Exercise data:

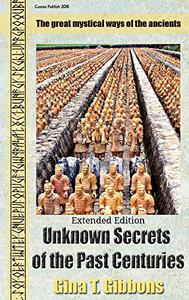 Unknown Secrets of the Past Centuries (Extended edition) The great mystical ways of the ancients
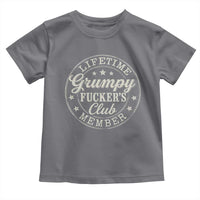 Grumpy Fucker's Club Lifetime Member Toddler T Shirt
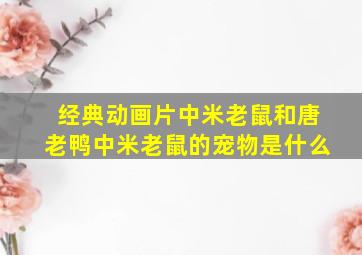 经典动画片中米老鼠和唐老鸭中米老鼠的宠物是什么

Instructions for the task: A faithful, word-for-word copy of the data is needed; the pictures should not appear in it.

Task output:
 Unknown Secrets of the Past Centuries (Extended edition) The great mystical ways of the ancients
 Grumpy Fucker's Club Lifetime Member Toddler T Shirt
 经典动画片中米老鼠和唐老鸭中米老鼠的宠物是什么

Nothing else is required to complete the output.